With both ends included, repeat exactly the lines of the entries below from the one containing "Arrendamento de apartamento" down to the one containing "Zweifamilienhaus mit Büro", and no others.
---------- Information supplied
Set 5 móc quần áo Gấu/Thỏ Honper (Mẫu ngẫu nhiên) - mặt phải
--------------------
---------- Information supplied
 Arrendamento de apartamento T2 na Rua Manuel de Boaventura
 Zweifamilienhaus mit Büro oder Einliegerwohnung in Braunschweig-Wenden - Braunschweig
--------------------
● Answer to the problem
 Arrendamento de apartamento T2 na Rua Manuel de Boaventura
 Zweifamilienhaus mit Büro oder Einliegerwohnung in Braunschweig-Wenden - Braunschweig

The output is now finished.